The tax leviathan is always hungry, but now it is deep in debt its appetite for taxes has reached a fever pitch in almost every developed economy.
As politicians have found that the imposition of higher taxes has not been raising as much revenue as expected, they have turned their attention to arresting any drain of financial and economic resources to low-taxing jurisdictions.
Some of these efforts are being co-ordinated through the Paris-based Organisation for Economic Co-operation and Development, which, on behalf of advanced-country member states, has been promoting an international tax harmonisation agenda.
A notable aspect of the OECD's efforts has been identifying so-called tax havens, that is jurisdictions that impose low or no income taxes in efforts to attract foreign capital, and exerting pressure on them to disclose which individuals and corporations hold assets in their territories.
Several such jurisdictions have succumbed to threats of prospective financial and other sanctions, by signing multilateral or bilateral agreements with high-taxing countries over the exchange of personal and financial information.
Recently Australia announced a revised tax treaty with an OECD country ironically seen by many as a tax haven, Switzerland, and in so doing hopes that breaking down Swiss financial privacy provisions will rake in more Australian revenues to help fill a substantial budget deficit.
The persecution of tax havens by the OECD and its members represents only one link in a chain of efforts by governments to discourage individuals and companies from availing themselves of the full benefits of tax competition.
Multinational corporations have been especially targeted by national tax authorities seeking to identify what they label as ''aggressive tax planning'' aimed at reducing effective tax liabilities in high-taxing economies.
In egregious subversions of the rule of law, governments have paraded companies, such as Apple and Google, in front of parliamentary ''star chamber'' inquiries to compel them to explain their global corporate tax payments, despite a lack of evidence suggesting such companies are engaging in illegal tax-evasion.
Watchdogs and investigation units, such as Project Wickenby in Australia, have also been set up to endlessly hound selected high-wealth individuals, such as Paul Hogan, about their international financial dealings and tax payments.
Official campaigns against tax competitiveness have been complemented by arguments from certain academics, think tanks and media commentators blaming the present parlous state of Western public-sector budgets on past reductions in the tax burden.

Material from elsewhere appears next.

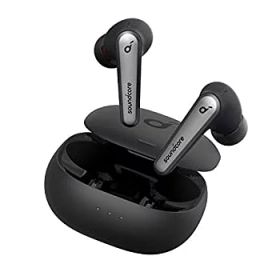 【中古】 ANKER Soundcore Liberty Air 2 Pro ワイヤレスイヤホン Bluetooth 対応 完全ワイヤレスイヤホン Bluetooth5.0対応 ウルトラノイズキャ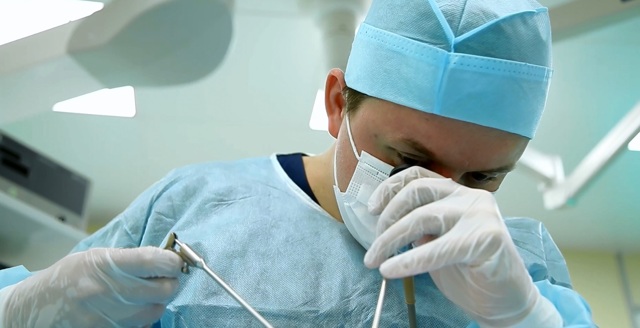 Ознаки гаймориту у дорослих і можливе лікування проблеми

In Australia, the Parliamentary Budget Office last week released a study suggesting that the federal structural budget surplus had been declining since the mid-2000s on the back of income tax cuts pursued by the Howard and Rudd governments.
The Green-affiliated Australia Institute recently claimed that the federal budget would be in surplus today if John Howard had not instigated tax reductions, while Treasurer Wayne Swan lamented he might have achieved budget surpluses if the ratio of taxation to GDP were higher today.
These perspectives not only serve to deflect attention away from the more important contribution of expenditure increases, such as growth in welfare payments, to a deteriorating budget, but ignore that the past tax cuts barely compensated, if at all, for ''bracket creep'' pushing taxpayers into higher tax brackets.
Recent attacks on tax havens, financial and economic mobility by individuals and corporations, and the legacy of previous tax cuts, which all feed into a policy climate of aversion to tax competition, are of great concern on civil and economic liberty grounds.
Tax havens and other low-taxing jurisdictions serve an important role in restraining the worst fiscal excesses of high-taxing jurisdictions elsewhere, not least because people and companies can move their financial and other assets to hedge against fiscal exploitation or public-sector inefficiency.
Financial privacy helps secure people's confidential information from the tax leviathan and criminal elements alike, and, as US economist Daniel Mitchell notes, allows ethnic, religious and other minorities in unfree countries to avoid the threat of expropriation through oppressive tax arrangements.
Tax competition among advanced countries over the past three decades, including a reduction in the top Australia marginal income tax rate from 62 per cent in 1980 to 45 per cent today, played a crucial role in facilitating global economic growth by promoting entrepreneurship, increasing investment and enhancing labour supplies.
Retreating from further international tax competition eliminates the discipline required of politicians to reduce public-sector expenditures as part of their budgetary rescue operations.
The belief that more revenues can be procured, by violating financial privacy or dragging major companies to political show trials, also deprives advanced countries of the growth opportunities they themselves could attain by joining the global low-tax club.
Everyone, from the humble labourer to the wealthy corporate chief executive, has an interest in tax competition and to resist calls for higher taxes, especially when the hunger pangs of overspending, heavily indebted national tax leviathans are heard in unison.